Would you be more inclined to buy a container of Tropicana orange juice if the packaging trumpeted the fact that its carbon imprint brand was 3.75 -- meaning that the equivalent of 3.75 pounds of carbon dioxide are emitted to the atmosphere for each half-gallon carton of orange juice that's produced? It may not have quite the same ring that "lower your cholesterol" has on a box of Cheerios or "less fat" has on a package of Ritz, but PepsiCo is wrestling with how to use the data it has collected on exactly how much impact manufacturing its OJ has on the environment.
The biggest contributor to a carton of OJ's carbon footprint isn't the power required to run the machinery or the fuel used to transport the finished product, as you might have guessed, but rather the growing of the oranges themselves. Oranges require a lot of nitrogen fertilizer, which requires natural gas to make, Andrew Martin reports.
There's a controversy brewing over exactly what the carbon footprint numbers mean, and how to use them.

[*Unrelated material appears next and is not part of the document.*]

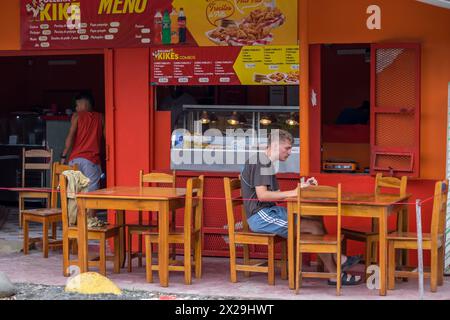 Terrazza di un ristorante a Puerto Viejo de Talamanca in Costa Rica Foto Stock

Some environmentalists say that any marketing claims would be "backed by fuzzy numbers and dubious assumptions," Martin writes. Nancy Hirshberg, vp for natural resources at Stonyfield Farm, feels that measuring a carbon footprint is a "fabulous tool" for pinpointing areas to reduce emissions but that the number is meaningless as a marketing tool. Read the whole story...
Procter & Gamble says it is taking its "My Black is Beautiful" campaign in a new direction and the anchor of the revised campaign will be a television program it's developing with BET Networks that will launch by early March, David Holthaus reports. The first episode will feature first lady Michelle Obama, according to Kisha Mitchell Williams, P&G multicultural brand manager.

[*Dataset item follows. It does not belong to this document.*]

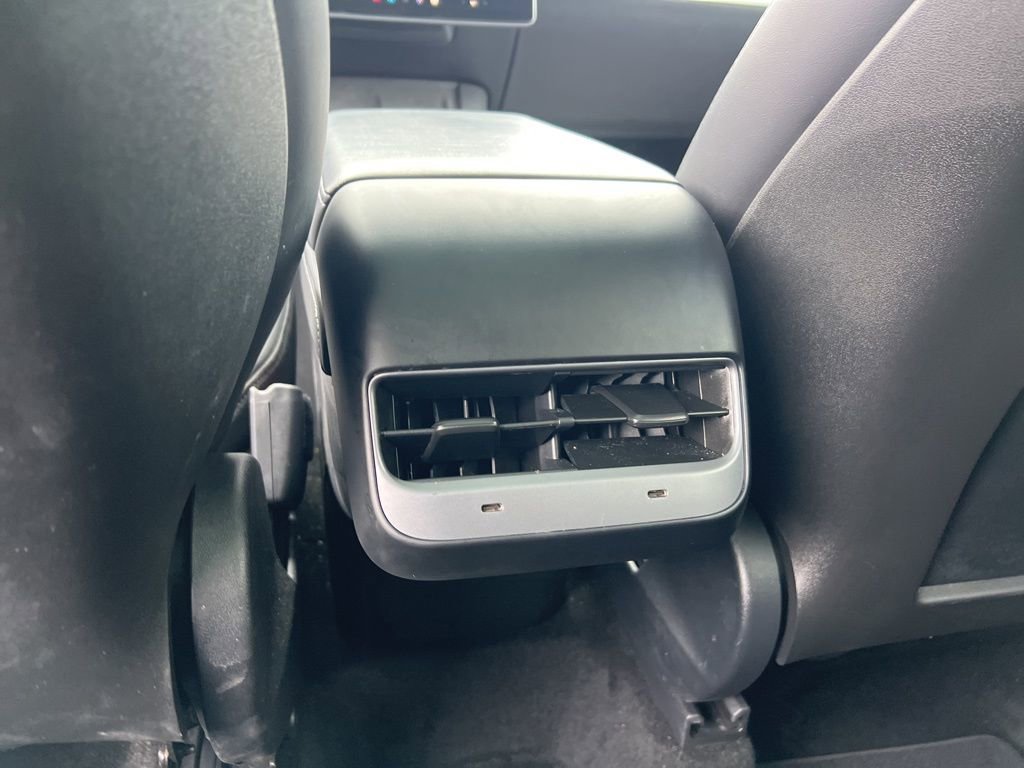 Used 2022 Tesla Model Y Long Range image 17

The initial campaign, which launched in 2007 to support multiple P&G brands, included a Web site, a multi-city road show, a four-city exposition with discussion guides, advertorials and other materials to encourage African-American women to organize meetings and conversations on popular notions of beauty. The architect of that effort, Najoh Tita Reid, a P&G multicultural marketing director, has decided to leave the company.
Brands supported by the show and the overall campaign include Pantene Pro-V, Cover Girl Queen Collection, Olay Definity, Crest Pro-Health, Always and Tampax. Read the whole story...

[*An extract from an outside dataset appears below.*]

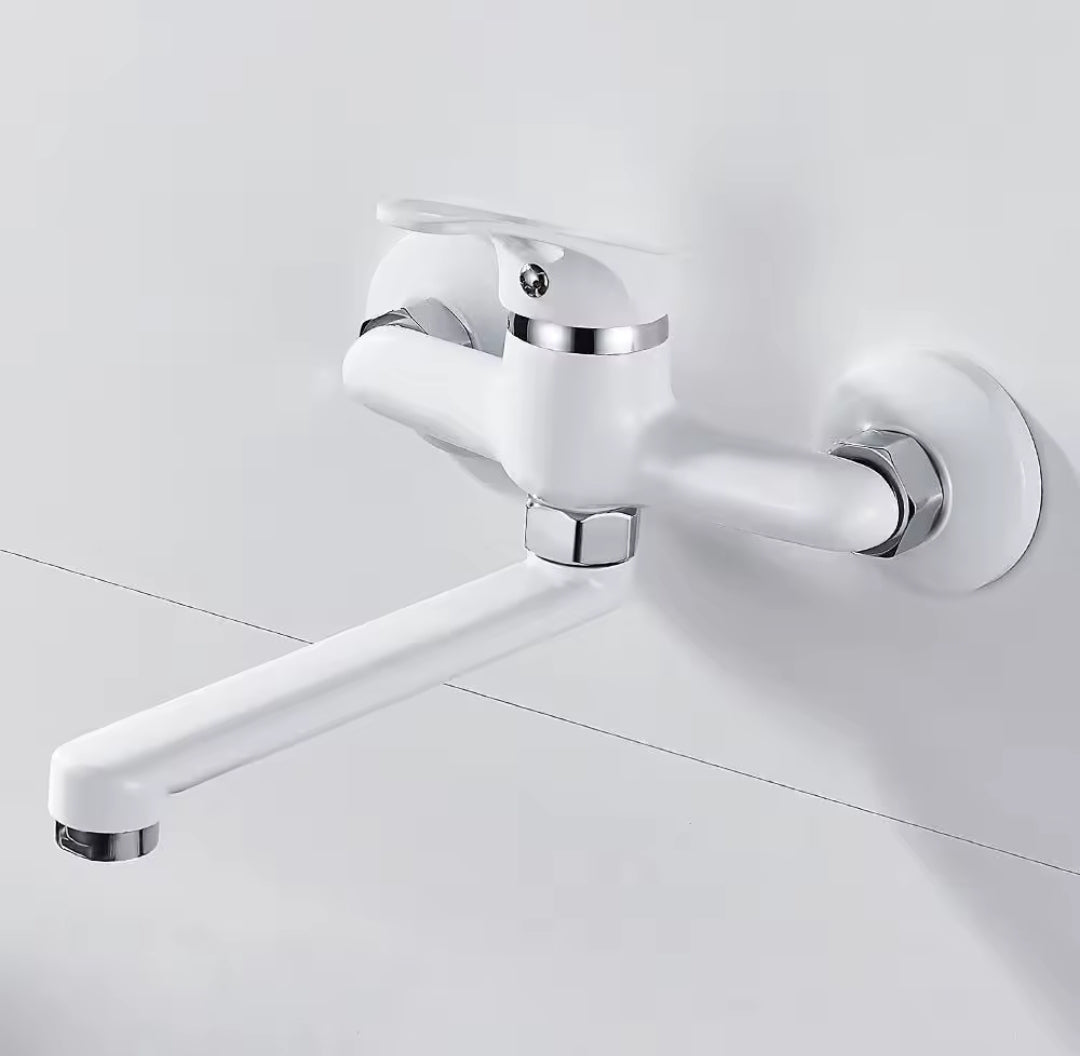Robinet mural pour cuisine en laiton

I've never excerpted from a restaurant review, but Sylvia Rector's piece about Five Guys Burgers and Fries, which is based in the Washington, D.C., area, has more than 300 locations in 25 states, and is expanding to Michigan, caught my eye.
"Five Guys is one of the chains that has helped spawn the national trend toward fresh, higher-quality ingredients cooked to order and served in a fast-food setting," Rector writes. "The concept is being widely copied all over the country, but this chain has honed it to a science."
To play up the just-yanked-from-the-ground quality of its fare, for example, Five Guys puts its spuds where its mouth is. Fifty-pound bags of potatoes sit in the middle of the dining room awaiting a good scrubbing before accepting their fate in a "serious-looking, lever-operated french-fry cutter in back." They are then cooked in 100% peanut oil. This would be an entirely different approach than, say, McDonald's takes.
The chain's other staple is its burgers, which are served up with a choice of 17 toppings (free, except for bacon and cheese) but there's no leeway when it comes to cooking time. They're all well done. Read the whole story...
I prematurely moved the New Jersey Nets to New York yesterday in retelling NYSportsJournalism.com's account about the "A Day in the Life" program. The Nets will move to Brooklyn in 2011. Read the whole story...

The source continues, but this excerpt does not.